The Past Through Pinnipeds

Analysis finds Tongva people of Catalina Island hunted sea lions over 1,000 years ago and likely transported meat by plank canoes

From the 1950s through the 1990s, archaeologists excavated a number of sites on Santa Catalina Island and boxed up thousands of artifacts. And there they sat, mostly unanalyzed, for decades. Some 50 years later, Hugh Radde thought they might say something about the Tongva people who inhabited the island for millennia.

He was right. After years of sifting through and analyzing some 16,000 bones from Catalina’s West End, the graduate student in UC Santa Barbara’s Department of Anthropology concluded the Tongva exploited a previously unknown rookery of California sea lions, practiced sustainable hunting and used plank canoes to transport meat and other commodities.

His paper appears in the journal Quaternary International.

Radde’s exhaustive work over four years tells us more about human culture and subsistence strategies, he said, and provides invaluable data to establish ecological baselines of past environments.

“The skeletal remains from the West End site document what animals were living and thriving on the island approximately 1,000 years ago,” he said. “Occasionally these datasets offer new insights to past ecosystems that are no longer present today. For example, the geographic distribution of where fur seals and sea lions breed and live is starkly different today than it was in the past. Zooarchaeology is a tremendously important source of information for not only anthropologists, but also conservation biologists and environmental scientists.”

Humans have been hunting pinnipeds, the group of marine mammals that includes sea lions and seals, for millennia; some researchers believe the first migrants into North America hunted them some 13,000 years ago. Indeed, as Radde noted, predation of pinnipeds has been so pervasive that data from archaeological sites suggest they behave differently today than in the past, moving their rookeries (where they birth and raise young) and foraging areas.

For Radde, the Catalina artifacts from the late Holocene study site (roughly 1315-570 years before the present, or BP) represented an immense challenge. 

“The sheer density of marine mammal remains was the first surprise,” he said. “Regional archaeologists had already established baselines for significant hunting sites based on density of animal bones. In general, these assemblages are rare. Once I realized I was knee deep in a collection characterized by this I dove deep into the literature on pinniped hunting among hunter-gatherer-fishers.”

He analyzed the majority of the artifacts at UCSB’s Faunal Lab, sorting the thousands of bones by species and, for the pinnipeds, determining sex and approximate age at death. Of the mammalian bones, California sea lions (Zalophus californianus) were the most numerous. Of those identified by sex, 75% were male, suggesting the Tongva hunted at rookeries, where adult males stay on shore to defend their territory and the helpless newborn pups.

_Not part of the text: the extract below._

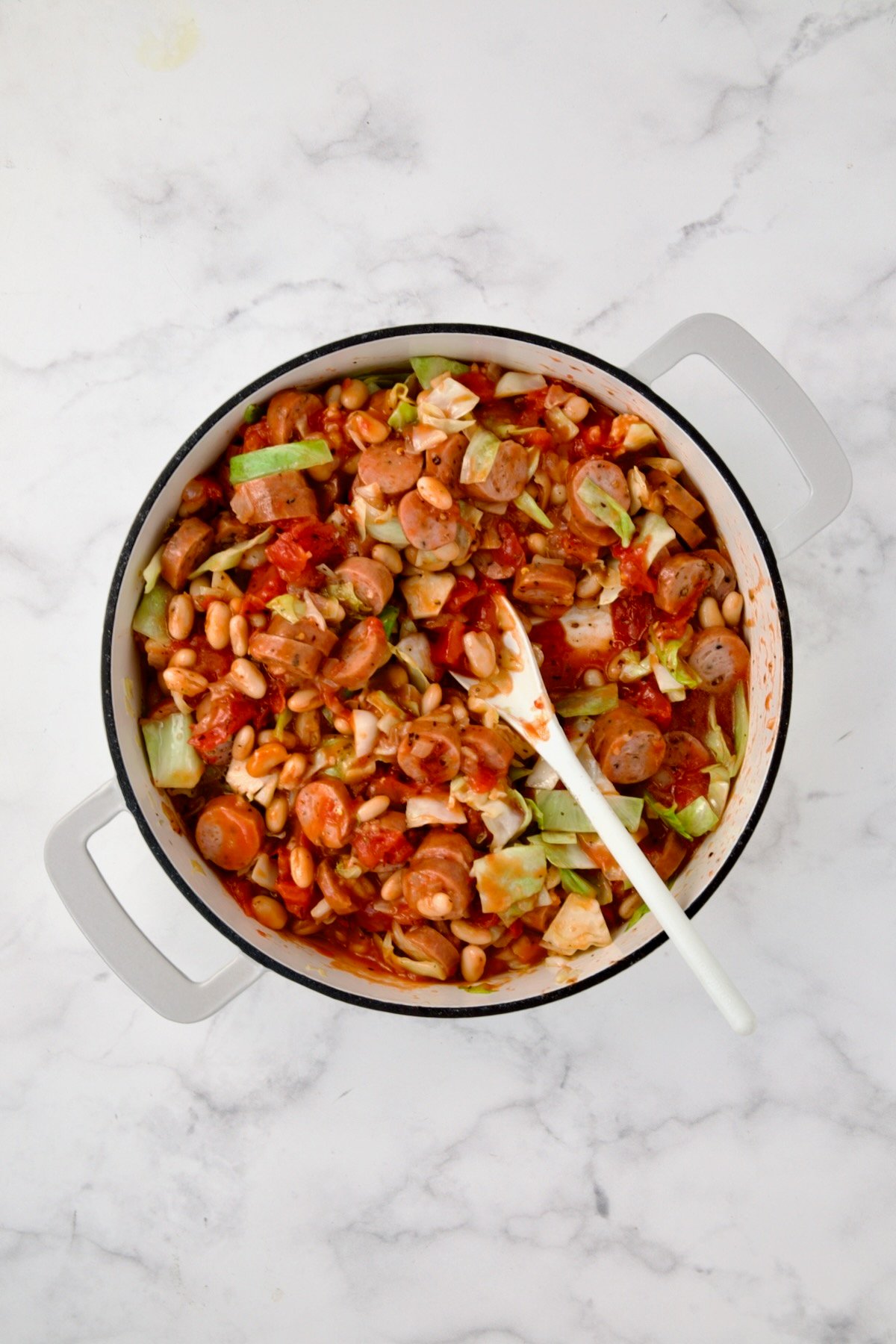 Ingredients for Cabbage Sausage White Bean Skillet being sauteed with white spoon in white enamel cast iron skillet.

Significantly, some 63% of the otariid (eared seals) bones belonged to subadults. As Radde notes, subadults gather at haul-outs, areas apart from rookeries where large numbers of pinnipeds congregate. Indigenous hunters practiced sustainable hunting, he argues, because taking subadults “does not drastically impact future generations.”

In addition, he said, the distribution of bones strongly suggests the Tongva transported smaller parts of males, such as limbs and flippers; males could weigh more than 800 pounds. On the other hand, Radde documented more complete remains of females (about 240 pounds) and subadults, suggesting their smaller size allowed hunters to transport more of their parts.

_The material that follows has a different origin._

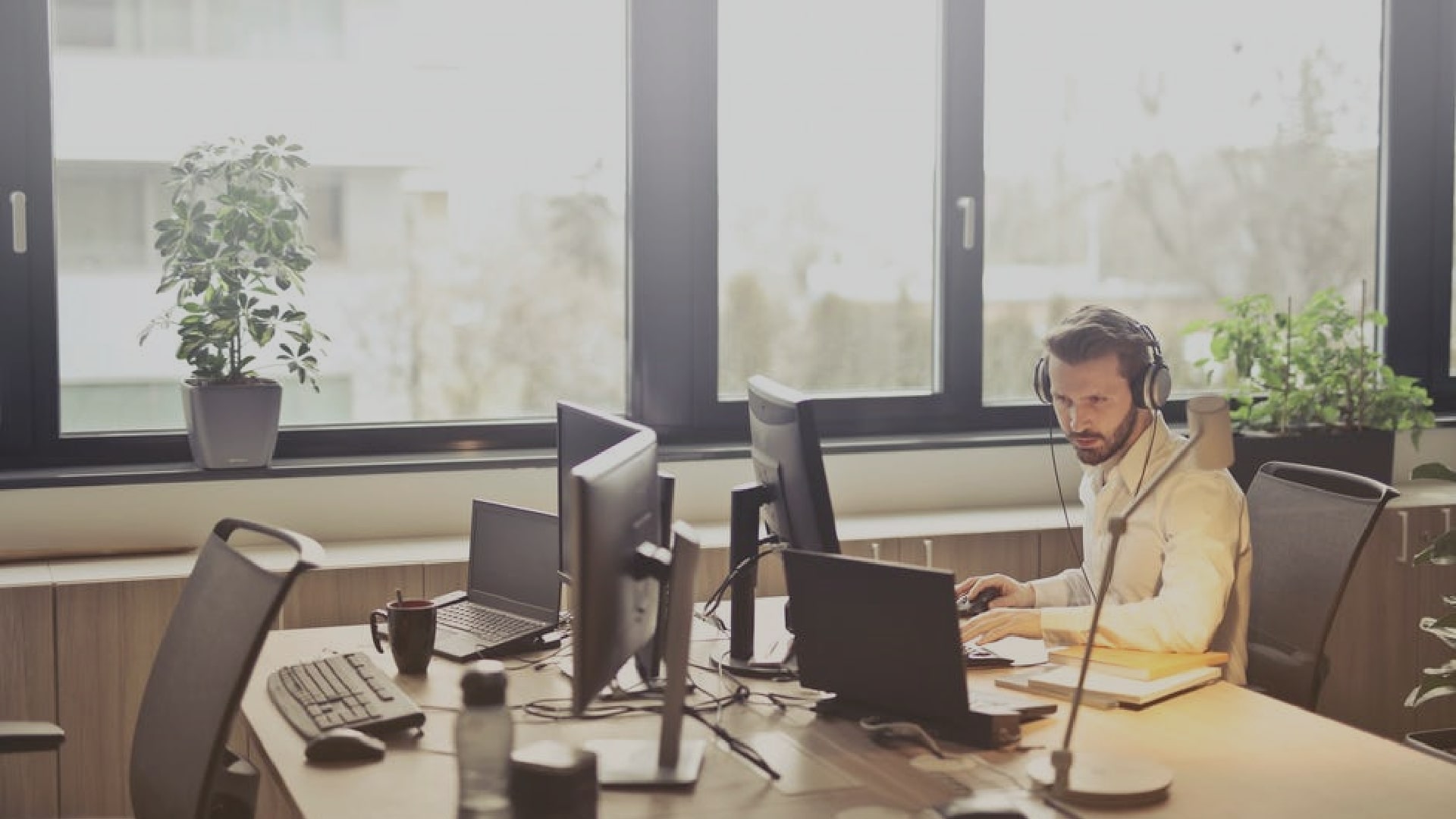 Man sitting at a desk in a communal office working on his computer and wearing headphones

Radde’s analysis of the West End collection also has implications for the role of the plank canoe in pinniped hunting. He notes that UCSB’s Lynn Gamble, a professor emerita of anthropology, has argued the plank canoe was in use by 1250 BP, which coincides with the human occupation of the Catalina site. Similar sites in the Channel Islands have also been associated with advanced watercraft, he said.

“Therefore,” he writes, “I believe that the assemblage under study here could provide insights into how canoes were initially used to facilitate pinniped hunting, indirectly document the occurrence of this technology in new areas, as well as evaluate how watercraft technology impacted the behavior and spatial distribution of ancient pinniped populations.”